** Given information follows **

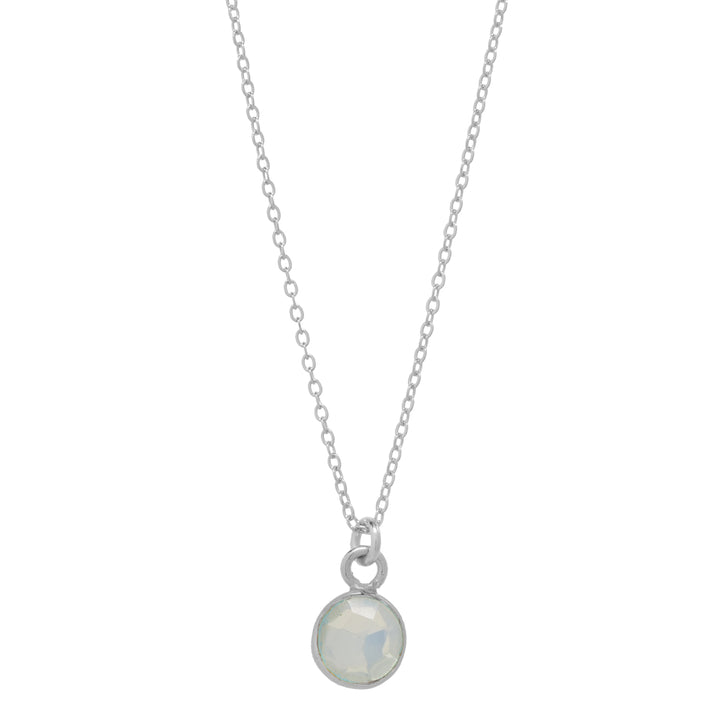 SALE - Tiny Bezel Stone Necklace (more colors) - Necklaces - Silver - Silver / Opal - Azil Boutique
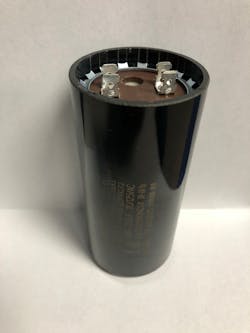 Photo 1. A typical electrolytic capacitor used for single-phase motor starting.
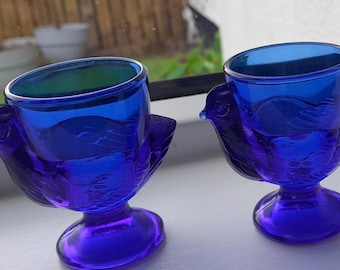 Vintage Pair of French Glass Egg Cups. Easter Breakfast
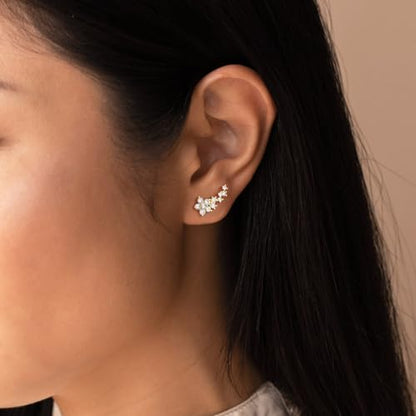 Robaice Cartilage Climber Earrings for Women，14K Gold Plated Helix Stud | Trendy Cluster Earrings, CZ Stud Earring, Tragus Conch Daith Piercing, Ear Crawer,Hypoallergenic Jewelry Gift for Women - color: D-Flower CZ
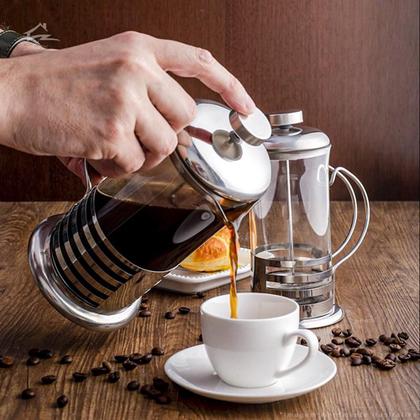 Imagem de Maquina de cafe 350ml prensa cafeteira francesa em inox chaleira cremeira bule french press em vidro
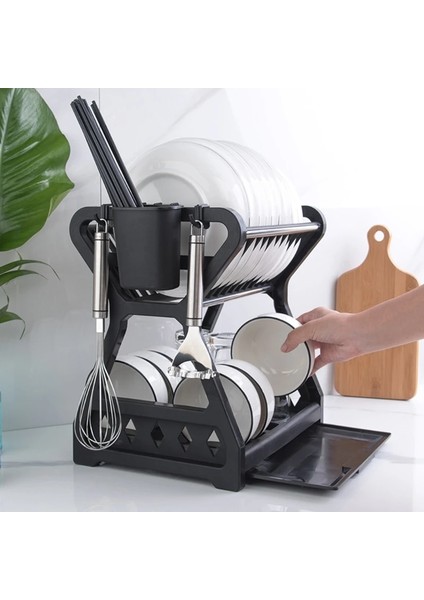 Siyah Bir Stil 2 Katmanlar Kurutma Rafı Ev Mutfak Drenaj Depolama Rafı Chopstick Kafes Bulaşık Filtre Rafı Sofra Organizatör Tepsi Rafı (Yurt Dışından)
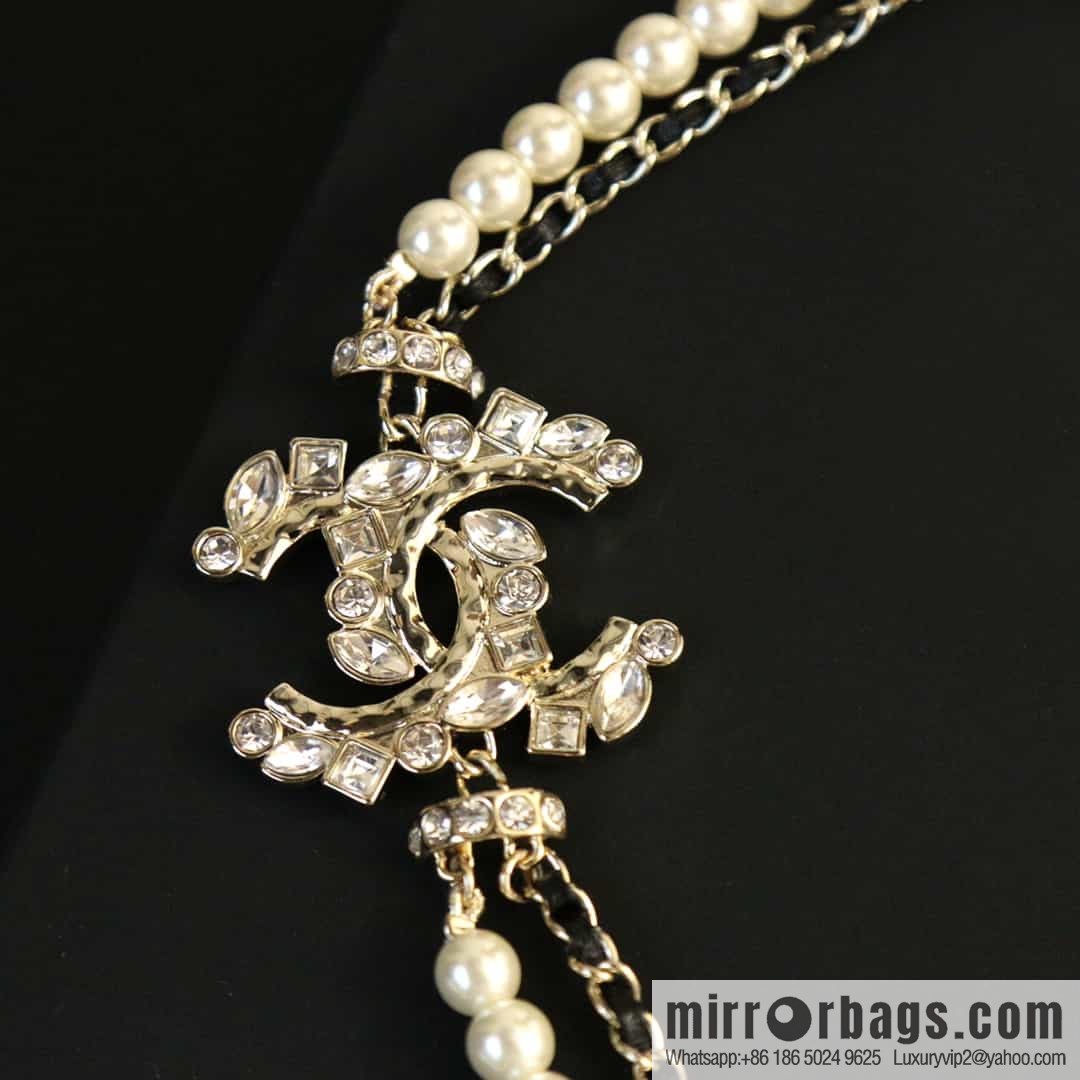 New ☑️ Chanel double c full diamond double layer pearl black leather rope necklace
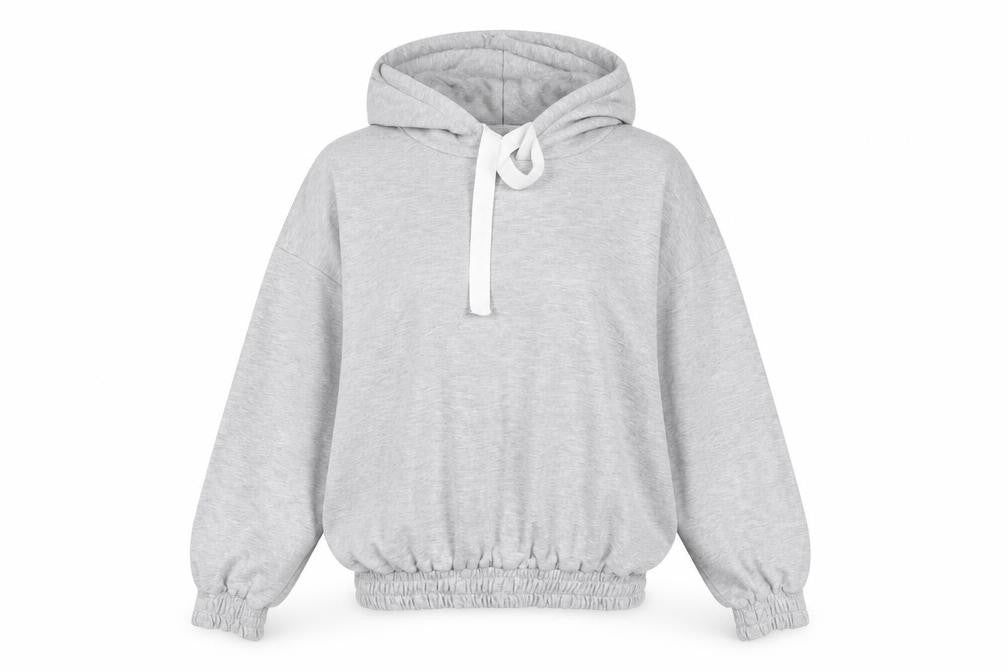 Front view of Wassyl women’s grey pullover hoodie, size M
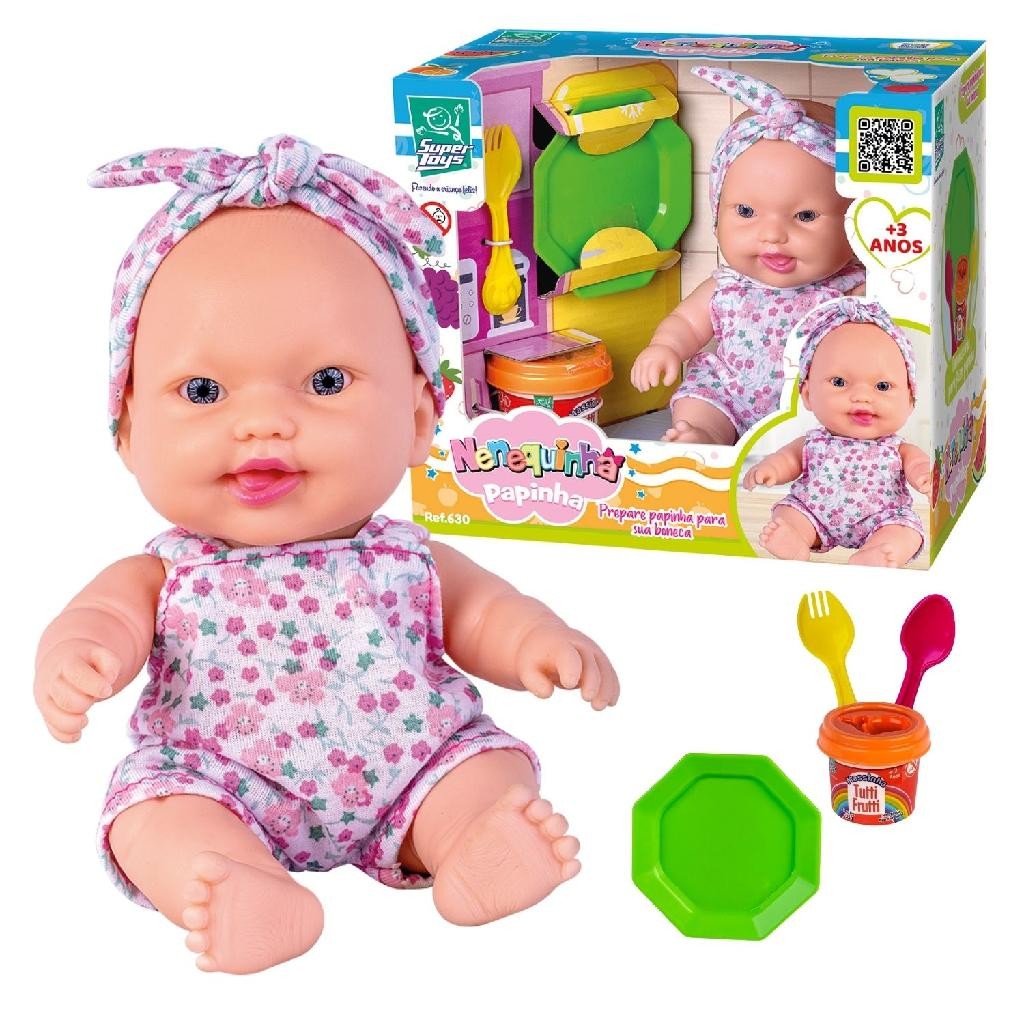 Boneca Nenequinha Papinha Bebe Comidinha Com Massinha e Acessórios - Super Toys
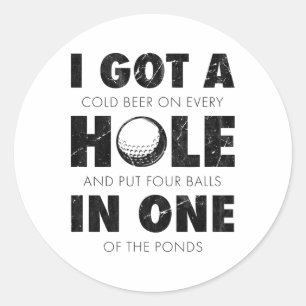 Ik heb een hole-in-one golf grappige quote heren g ronde sticker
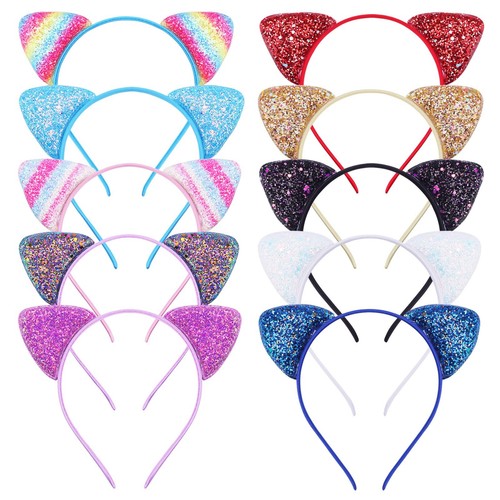 Serre-Tête Oreilles De Chat - Lot De 2 - Noir - Pour Déguisement, Halloween, Cosplay, Fête - Enfant/Adulte - 9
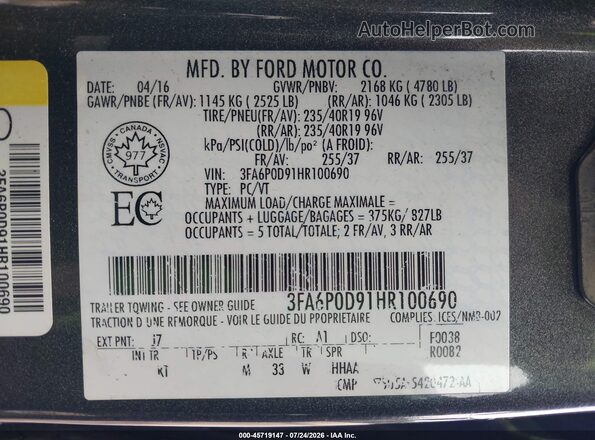3FA6P0D91HR100690 2017 FORD FUSION Gray Вид підкапотного простору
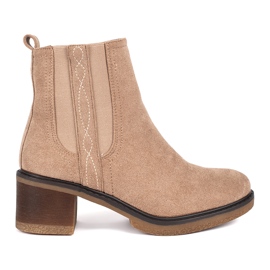 Seastar Beige suede ankle boots with a block heel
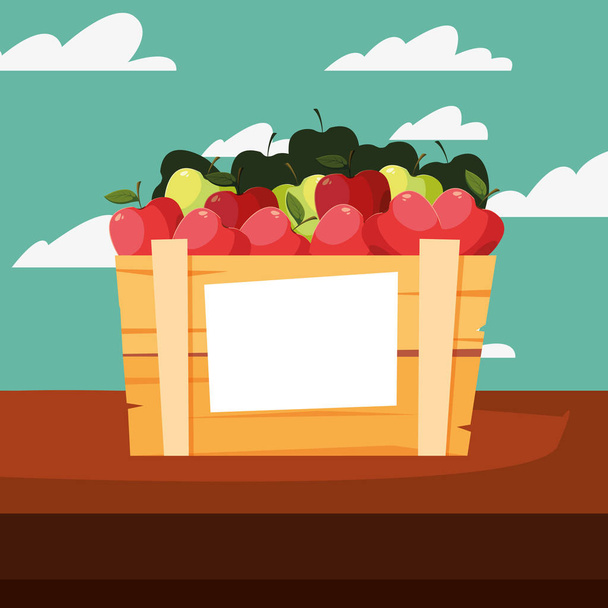 свіжі фрукти яблука в дерев'яному кошику
 - Вектор, зображення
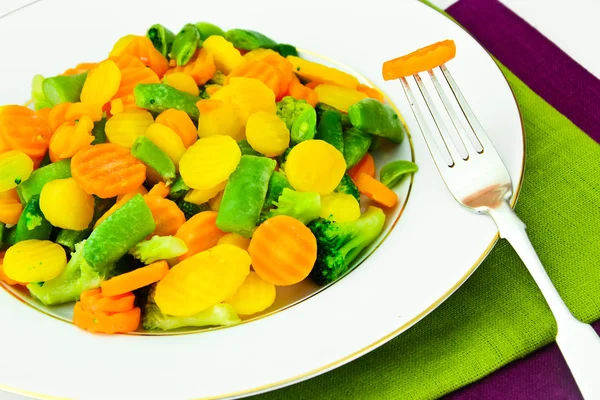 Картофель, морковь, кукуруза, зеленая фасоль, лук — стоковое фото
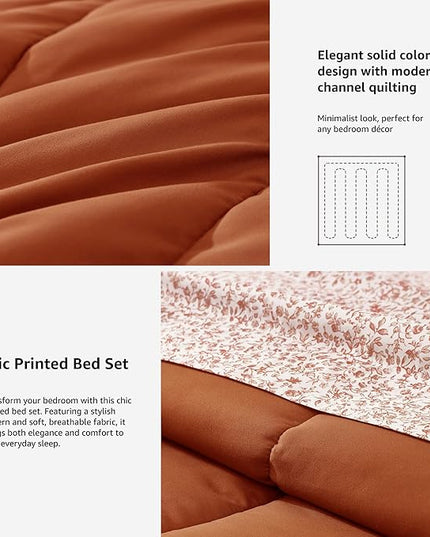 Monbix King Size Comforter Set - 7 Pieces Bed in a Bag King, Burnt Orange Track Stitching Bedding Sets, All Seasons Down Alternative Comforter Bed Set with Sheets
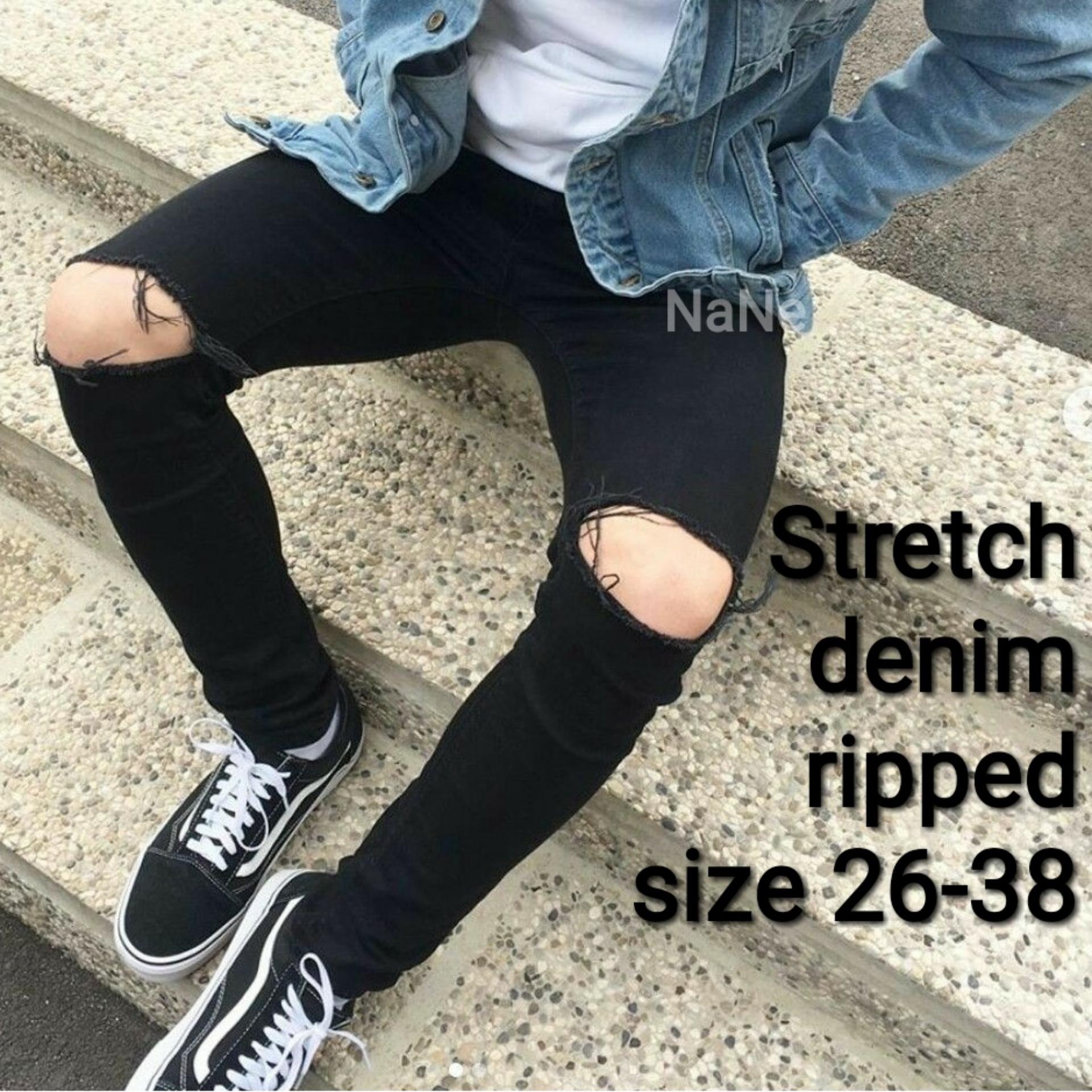 Celana Jeans Pria Hitam Sobek Skinny Stretch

** End of Given information **

» Exercise directions:
Pictures excluded, copy exactly the lines running from the one with "Photo 1. A typical" through the last line of the material.

» Answer to this exercise:
 Photo 1. A typical electrolytic capacitor used for single-phase motor starting.
 Vintage Pair of French Glass Egg Cups. Easter Breakfast
 Robaice Cartilage Climber Earrings for Women，14K Gold Plated Helix Stud | Trendy Cluster Earrings, CZ Stud Earring, Tragus Conch Daith Piercing, Ear Crawer,Hypoallergenic Jewelry Gift for Women - color: D-Flower CZ
 Imagem de Maquina de cafe 350ml prensa cafeteira francesa em inox chaleira cremeira bule french press em vidro
 Siyah Bir Stil 2 Katmanlar Kurutma Rafı Ev Mutfak Drenaj Depolama Rafı Chopstick Kafes Bulaşık Filtre Rafı Sofra Organizatör Tepsi Rafı (Yurt Dışından)
 New ☑️ Chanel double c full diamond double layer pearl black leather rope necklace
 Front view of Wassyl women’s grey pullover hoodie, size M
 Boneca Nenequinha Papinha Bebe Comidinha Com Massinha e Acessórios - Super Toys
 Ik heb een hole-in-one golf grappige quote heren g ronde sticker
 Serre-Tête Oreilles De Chat - Lot De 2 - Noir - Pour Déguisement, Halloween, Cosplay, Fête - Enfant/Adulte - 9
3FA6P0D91HR100690 2017 FORD FUSION Gray Вид підкапотного простору
 Seastar Beige suede ankle boots with a block heel
 свіжі фрукти яблука в дерев'яному кошику
 - Вектор, зображення
 Картофель, морковь, кукуруза, зеленая фасоль, лук — стоковое фото
 Monbix King Size Comforter Set - 7 Pieces Bed in a Bag King, Burnt Orange Track Stitching Bedding Sets, All Seasons Down Alternative Comforter Bed Set with Sheets
 Celana Jeans Pria Hitam Sobek Skinny Stretch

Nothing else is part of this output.